Task instructions = An exact copy of the data is required, with no pictures in it.

Source records =

....................

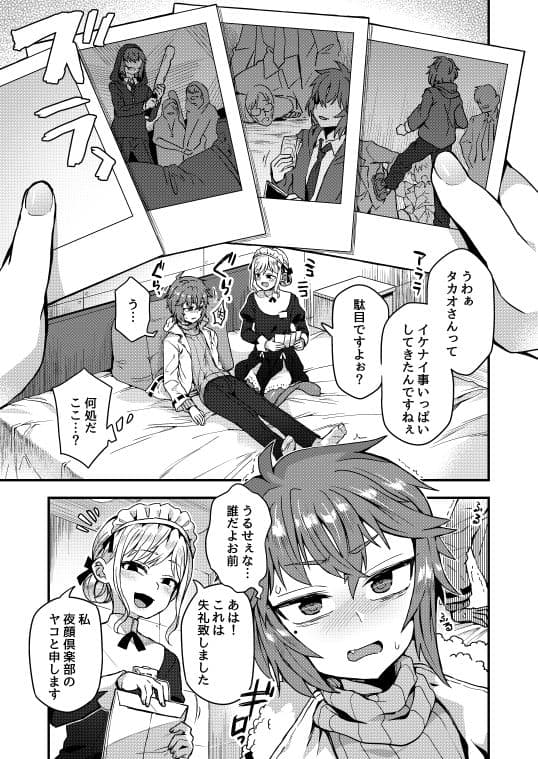 寝ている間にヤっておきました！ サンプル 1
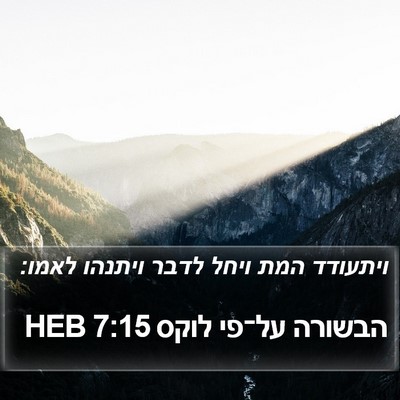 הבשורה על־פי לוקס 7:15 HEB Bible Verse Image
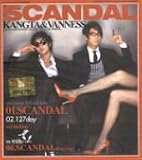 Kangta & Vanness - Scandal(�ڹ���)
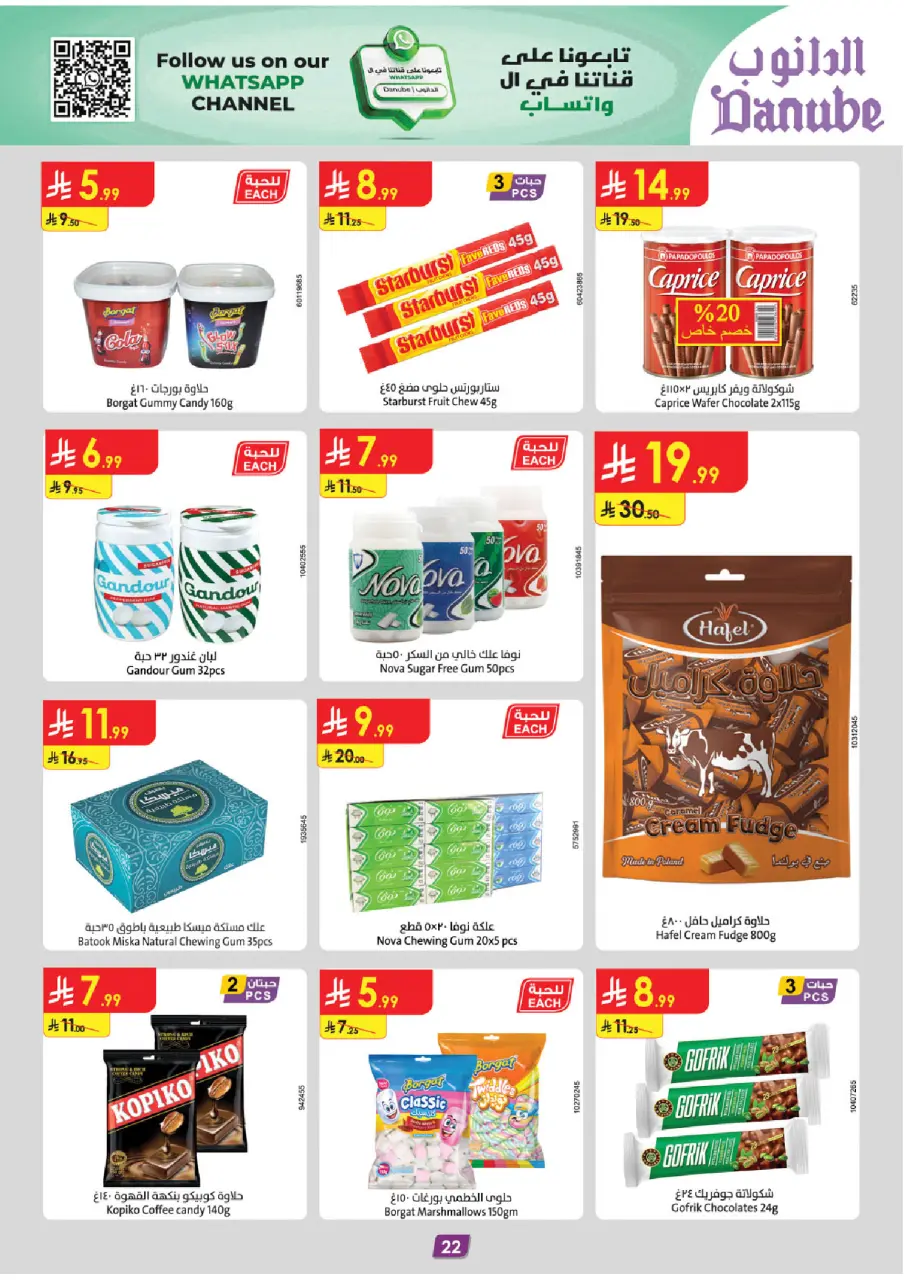 Ofertas de Danube  La Meca, Medina, Jeddah y Taif  de 31 diciembre a 13 enero Venta de año nuevo - Página 27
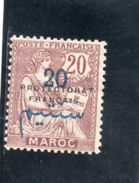 MAROC 1914-21 * - Unused Stamps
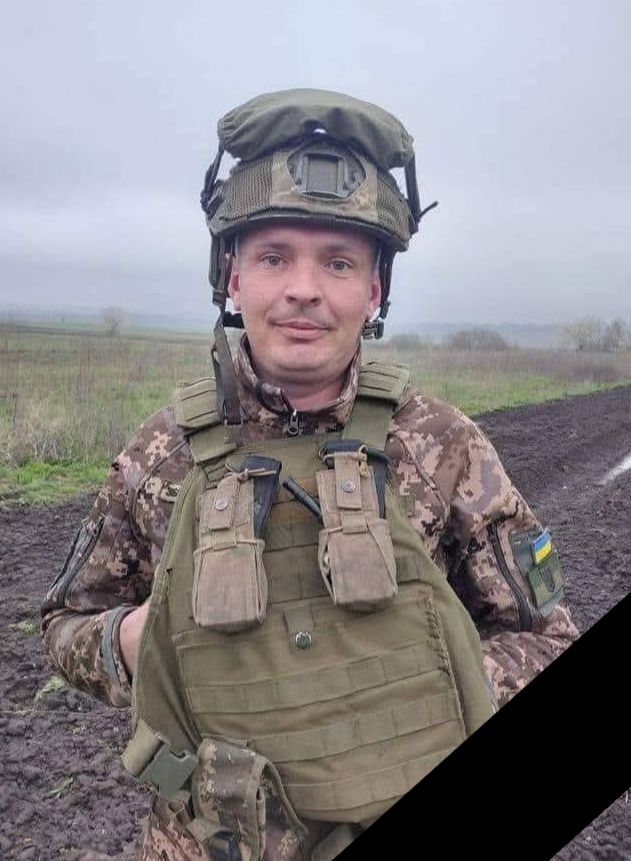 У Тисменицькій громаді оголосили дні жалоби — прощатимуться з воїном Михайлом Юречком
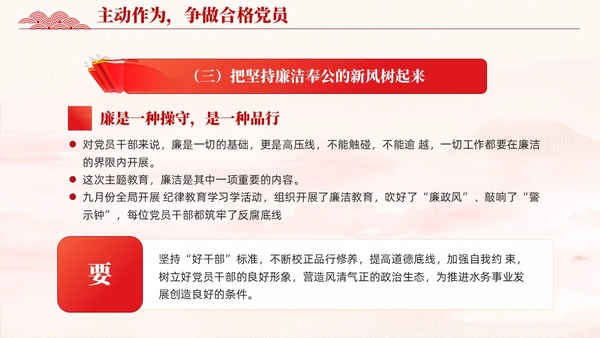 水墨背景在主题教育中争做新时代合格党员党课课件PPT党建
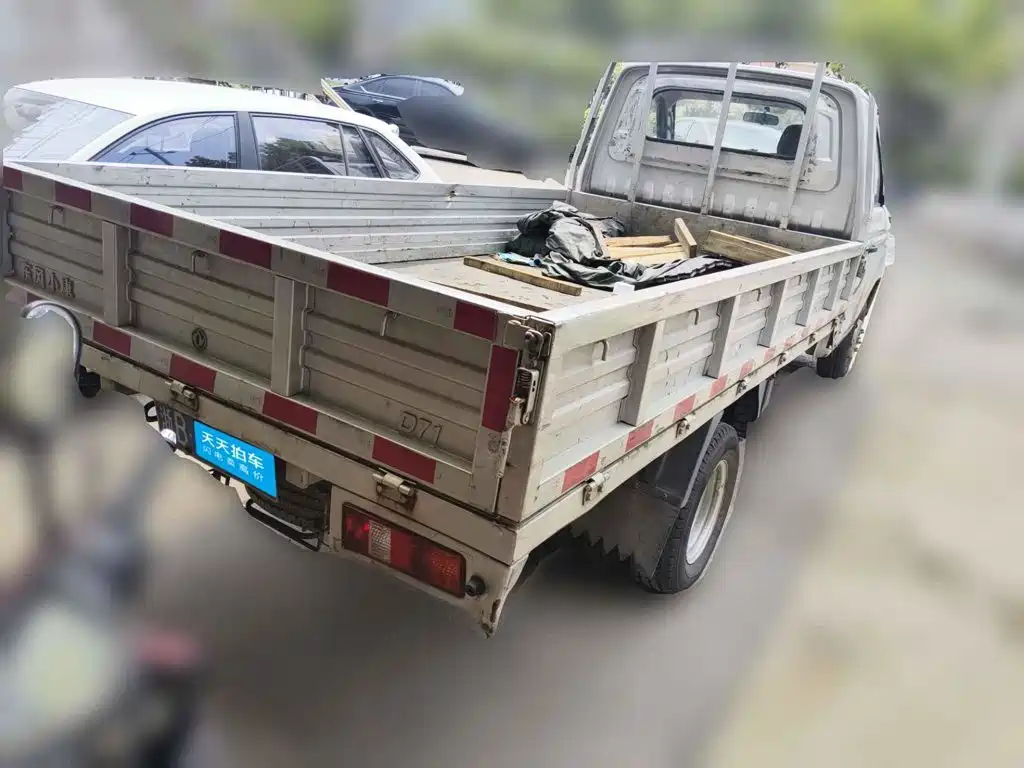 Dongfeng Xiaokang D71 2023 2023 1.6L LV0 SFG16C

....................

Exercise response =
 寝ている間にヤっておきました！ サンプル 1
 הבשורה על־פי לוקס 7:15 HEB Bible Verse Image
 Kangta & Vanness - Scandal(�ڹ���)
 Ofertas de Danube  La Meca, Medina, Jeddah y Taif  de 31 diciembre a 13 enero Venta de año nuevo - Página 27
 MAROC 1914-21 * - Unused Stamps
 У Тисменицькій громаді оголосили дні жалоби — прощатимуться з воїном Михайлом Юречком
 水墨背景在主题教育中争做新时代合格党员党课课件PPT党建
 Dongfeng Xiaokang D71 2023 2023 1.6L LV0 SFG16C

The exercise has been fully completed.